The math behind hitting in baseball when the game’s not on the line – Baltimore Sun
Now 34 and preparing for his 13th year in major league baseball, Baltimore Orioles shortstop J.J. Hardy is perceived by some to be in a state of athletic decline.
The same player who slugged 30 home runs as recently as 2011, for example, belted just 8 last year, and injuries have forced him to miss about 30 percent of his team’s games over the past two years.
But there are many ways to measure success in a sport as complex as baseball, and if a team of computer scientists at Johns Hopkins University is to be believed, Oriole fans might have reason to feel hopeful about the two-time All-Star.
A study led by Anton Dahbura, a research scientist in the computer sciences department at Hopkins, revealed a striking dichotomy; while Hardy was all but useless as a hitter in 2016 when the outcome of games was already more or less decided, he hit nearly 200 points higher — more than .290 — when the results hung in the balance.
The finding is among the more interesting nuggets to appear in “Padding the Stats: A Study of MLB Player Performance in Meaningless-Game Situations,” a 55-page paper that Dahbura made public in December. A lifelong baseball nut, Dahbura wrote with the help of Jaewon Lee and Evan Hsia, student researchers and engineering undergraduates who also love the game.
The project examined how every major-league hitter performed last season when, by the authors’ calculations, either team in a given game had a 95 percent or better chance of winning.
Dahbura said it’s beyond the study’s scope to assign definitive meaning to such figures, but the baseball fan in him can’t help speculating that they open up new lines of inquiry in a sport that is already one of the most rigorously analyzed in the world.

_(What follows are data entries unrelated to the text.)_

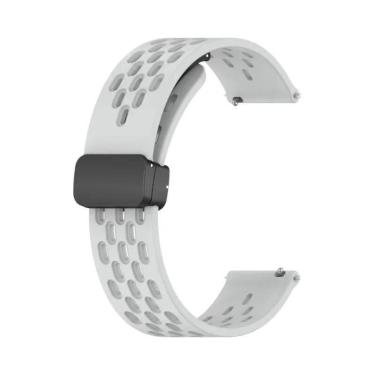 Imagem de Pulseira Esportiva Magnética De Silicone De 22mm Para CMF Watch pro 2 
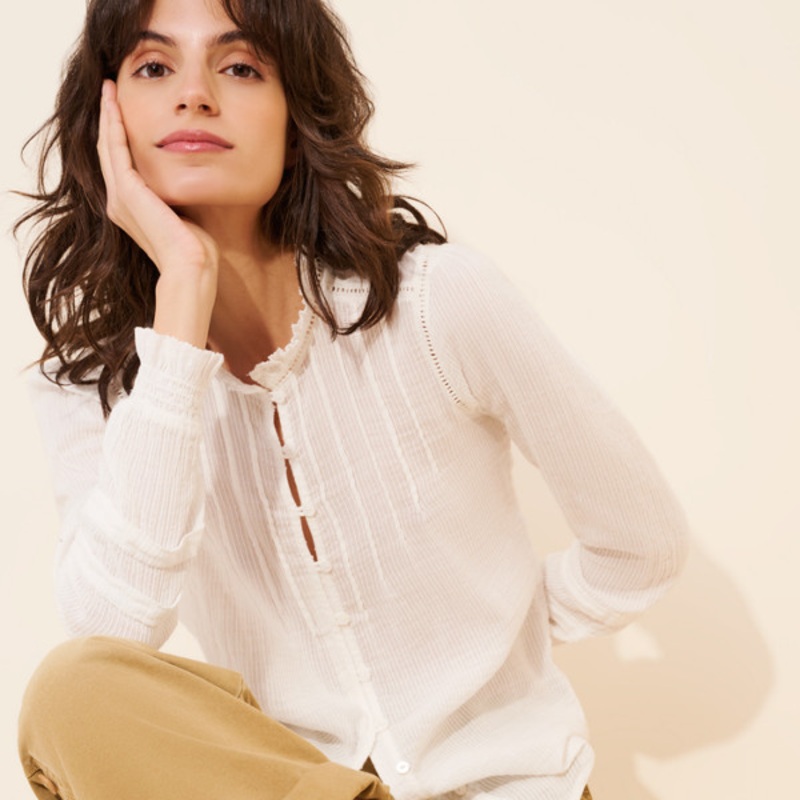 Willa Long Sleeve Top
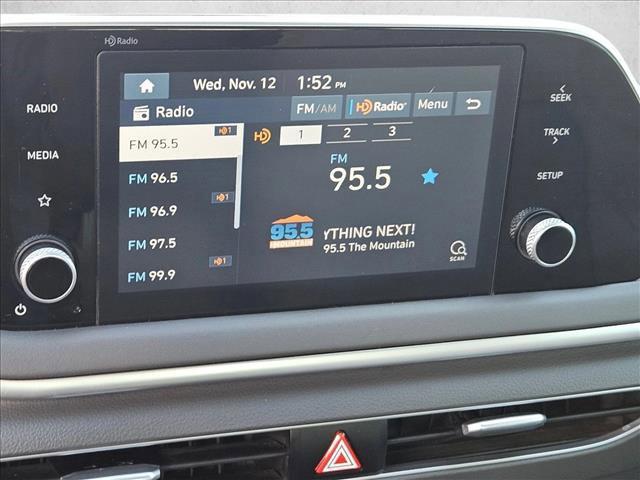 used 2022 Hyundai Sonata car, priced at $17,995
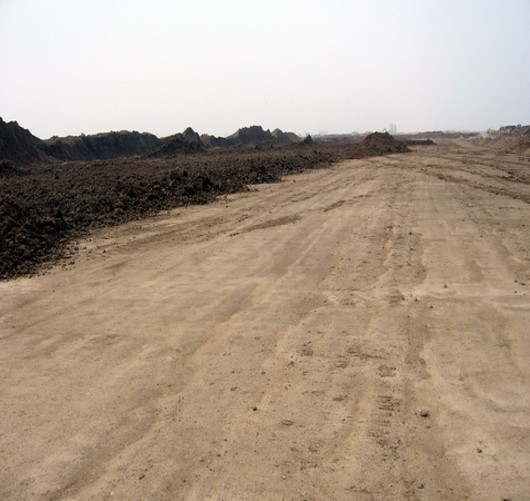 软土地基加固处理施工技术分类概述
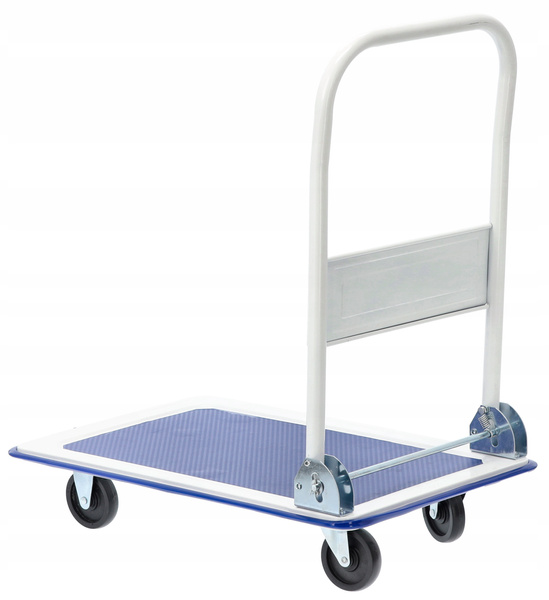 WÓZEK PLATFORMOWY 73 x 47 x 83 cm UDŹWIG: 150 KG *2804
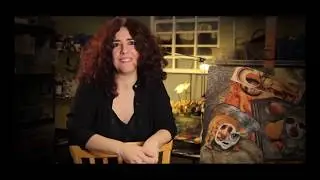 KAC Ivonne Ferrer ART ATTACK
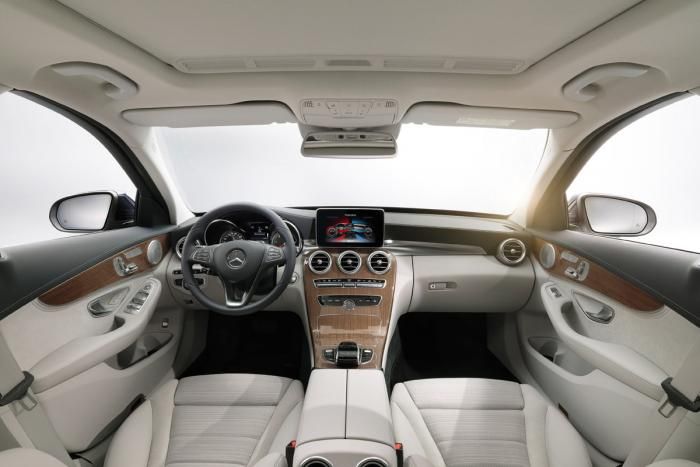 YEN MERCEDES C SERS ZEL RESM GALERS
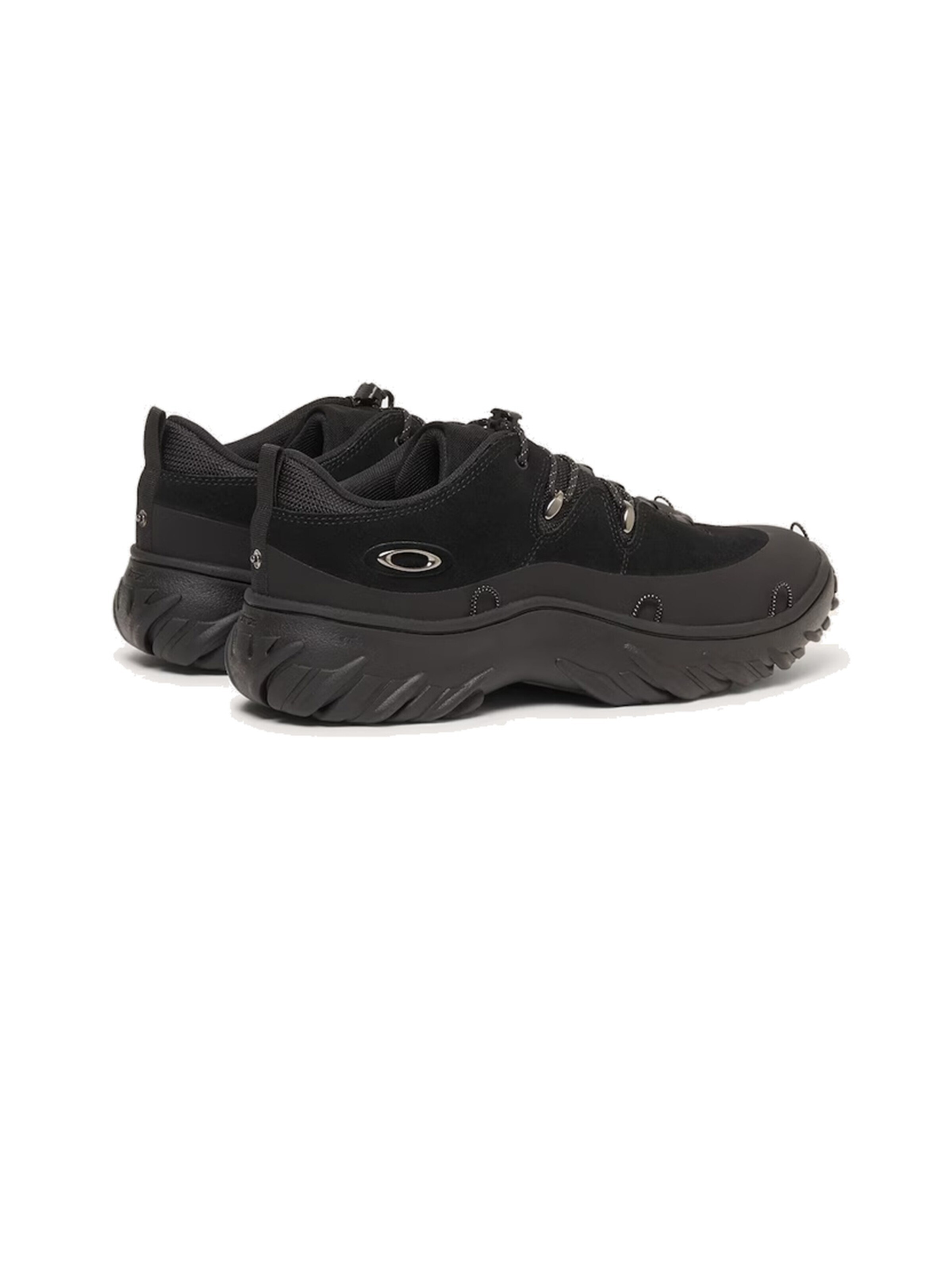 OAKLEY Platform trainers 'FOF100682 MERIDIAN LOW EXT Blackout' in Black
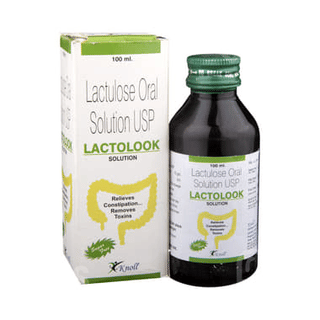 Lactolook Sugar Free Solution 100ml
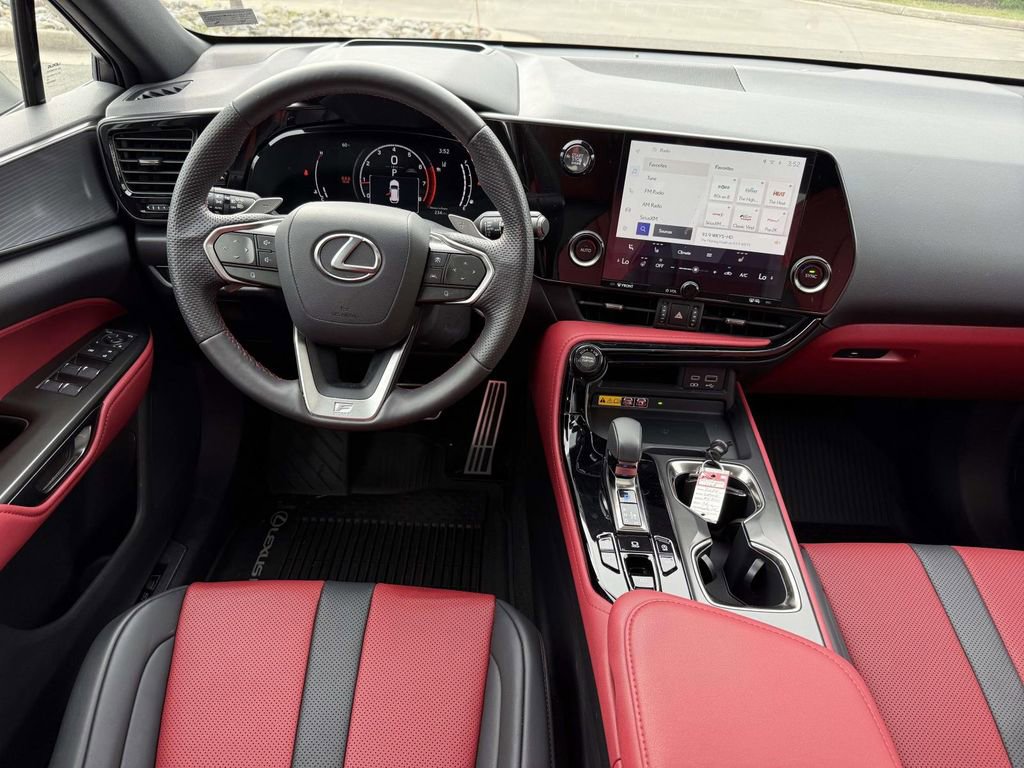 Used 2024 Lexus NX 350 F Sport image 8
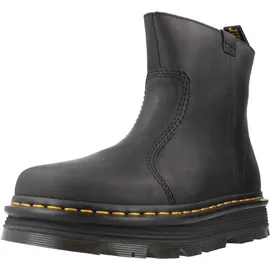Dr. Martens Zebzag Rigger Black Wyoming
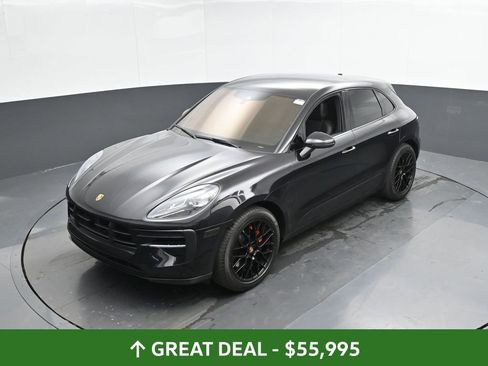 Used 2021 Porsche Macan GTS image 47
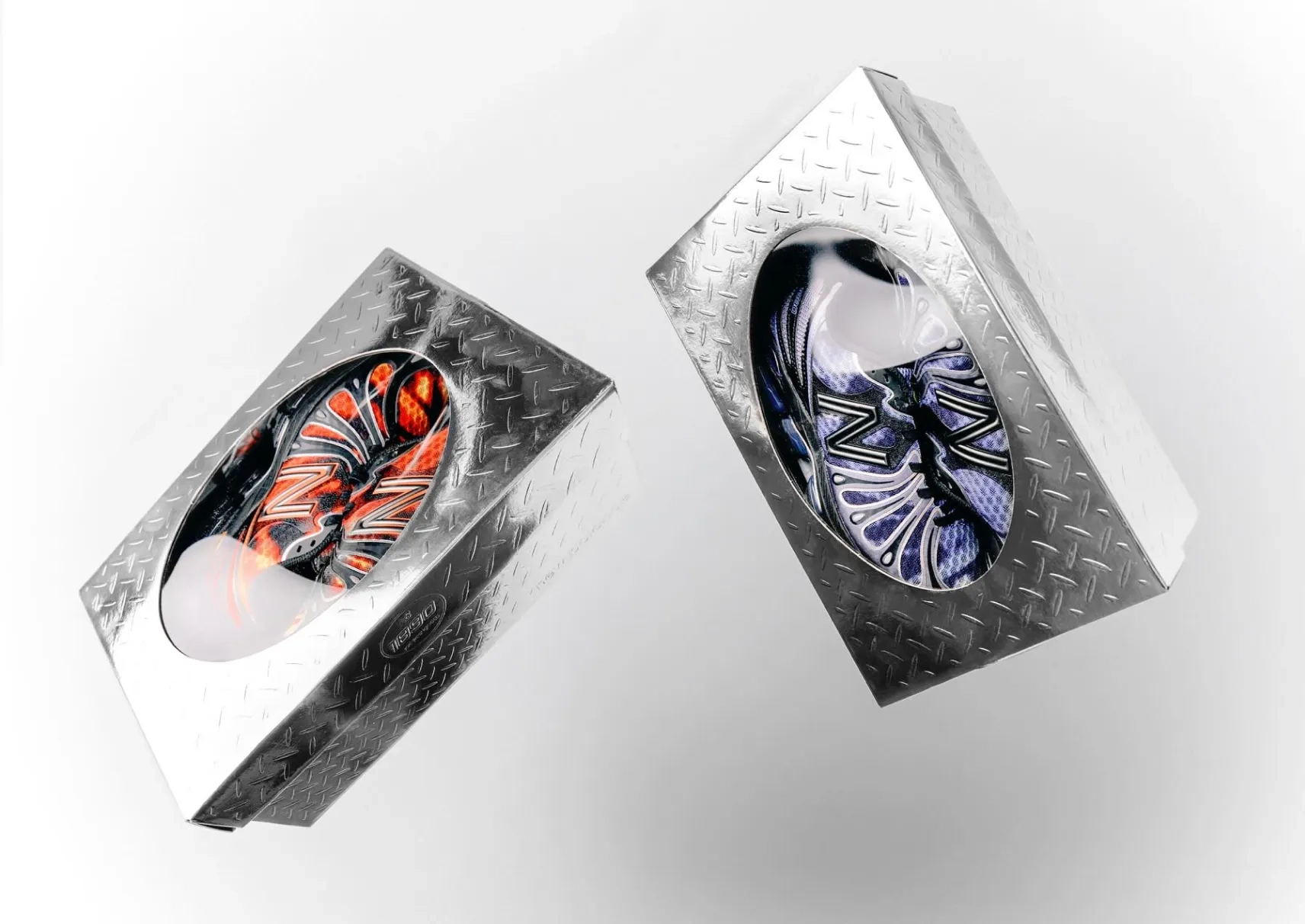 Joe Freshgoods réinvente la New Balance 1890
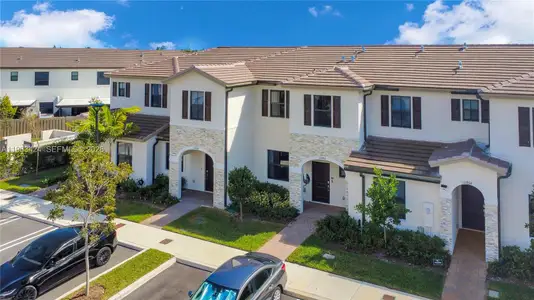 New construction Single-Family house 12866 Sw 232Nd Ln, Homestead, FL 33032 - image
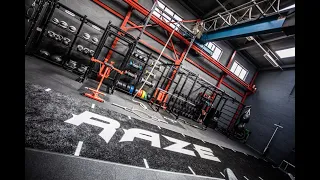 Martyn Ford Gym Design & Installation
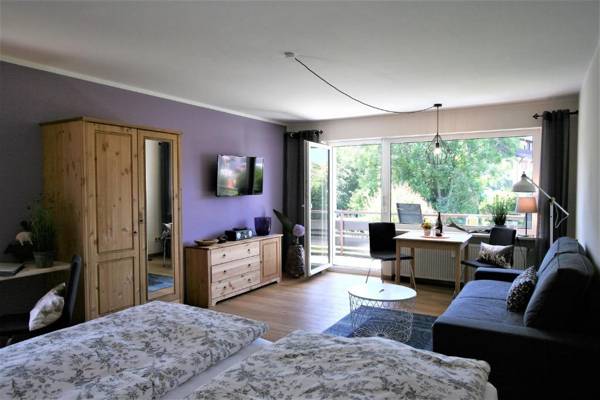 Alpenflair Ferienwohnungen Whg 107 "Fliederbusch"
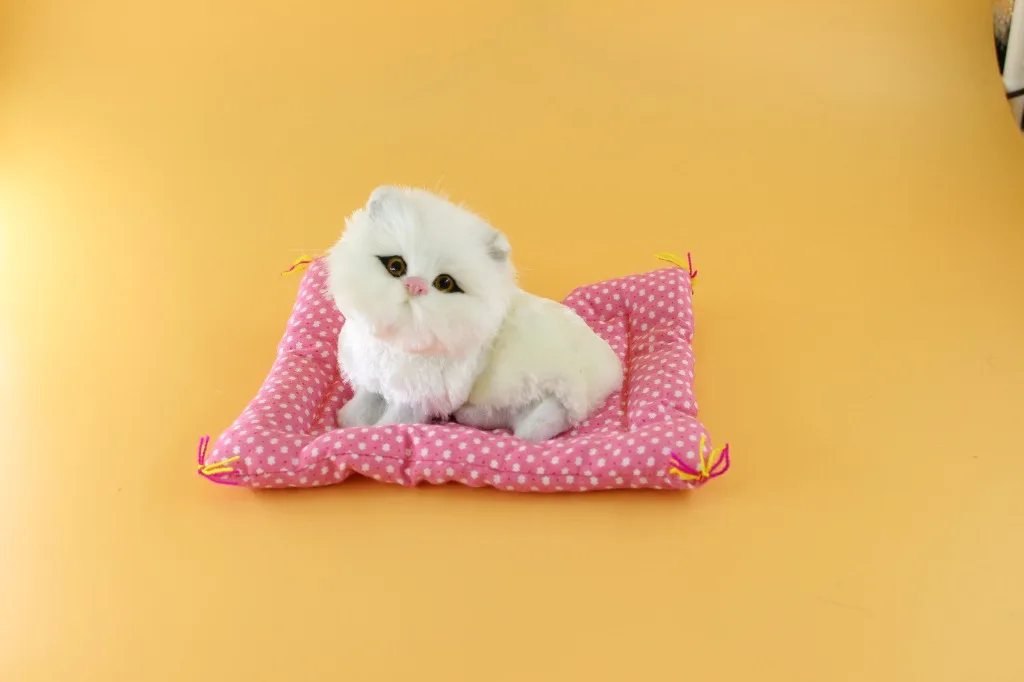 Модель Kitty One by Will Call настольные украшения креативный подарок на день рождения ремесла Спящая кошка детская кошка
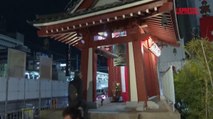 Capodanno 2026, a Tokyo l'arrivo del nuovo anno al suono della campana del tempio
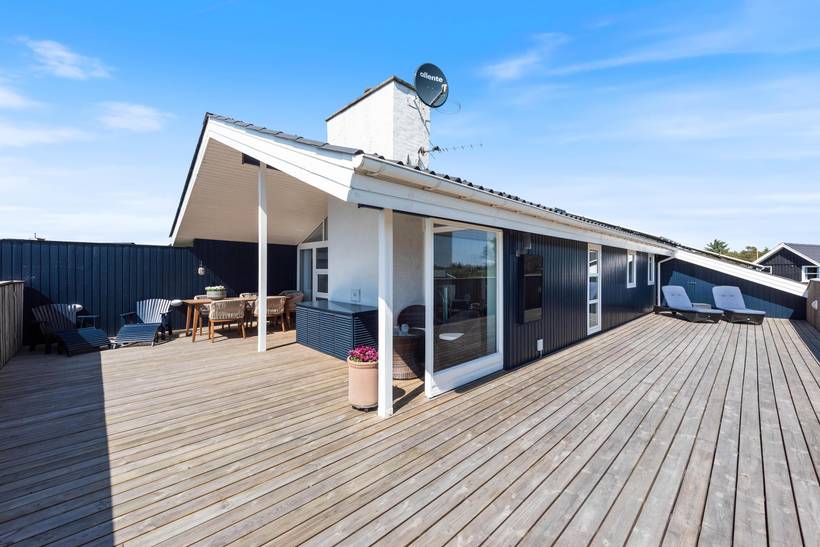 Foto von Ferienhaus AE83 in Bjerregård - Westjütland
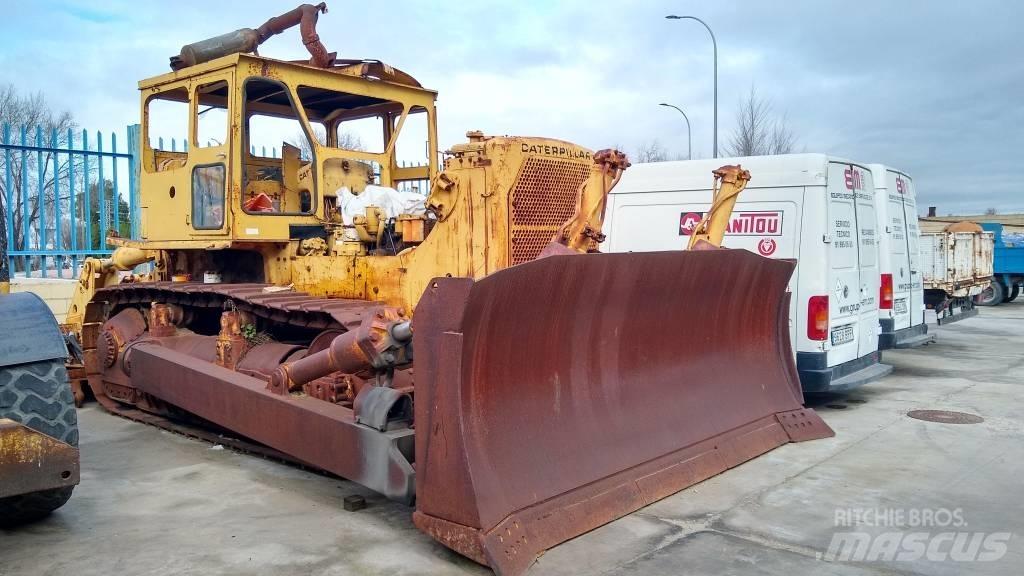 CAT D8K  (POR PIEZAS) Buldožerji goseničarji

“What does it tell you that Hardy did so poorly when a game was already decided, batting a mere .100 in those situations, but so dramatically better when it wasn’t?” he asked. “It’s hard to say with certainty at this point, but the numbers are so striking they’re very likely telling us something.”
The goal of the study, Dahbura said, was to raise awareness about the fact that not all at-bats during a season are equally important.
Hardy’s performance was actually a striking exception to the trend the team set out to explore.
“Some players have been able to significantly improve their overall season statistics by maximizing their performance” in so-called meaningless game situations, the article reads.
Dahbura, 56, is one of those baseball geeks lucky enough to have a passion and a gift for mathematics and statistics. It’s a blend of talents in growing demand in baseball front offices as franchises increasingly seek to blend the benefits of computer-aided analytics with the intuitive wisdom of more old-fashioned scouting.
A former player, coach and manager at Johns Hopkins, Dahbura — now executive director of the Information Security Institute, a center for cybersecurity education and research within the university’s computer sciences department — said he first became interested in how players perform in what he calls meaningless game situations in 1999 and 2000, when the temperamental slugger Albert Belle played for the Orioles.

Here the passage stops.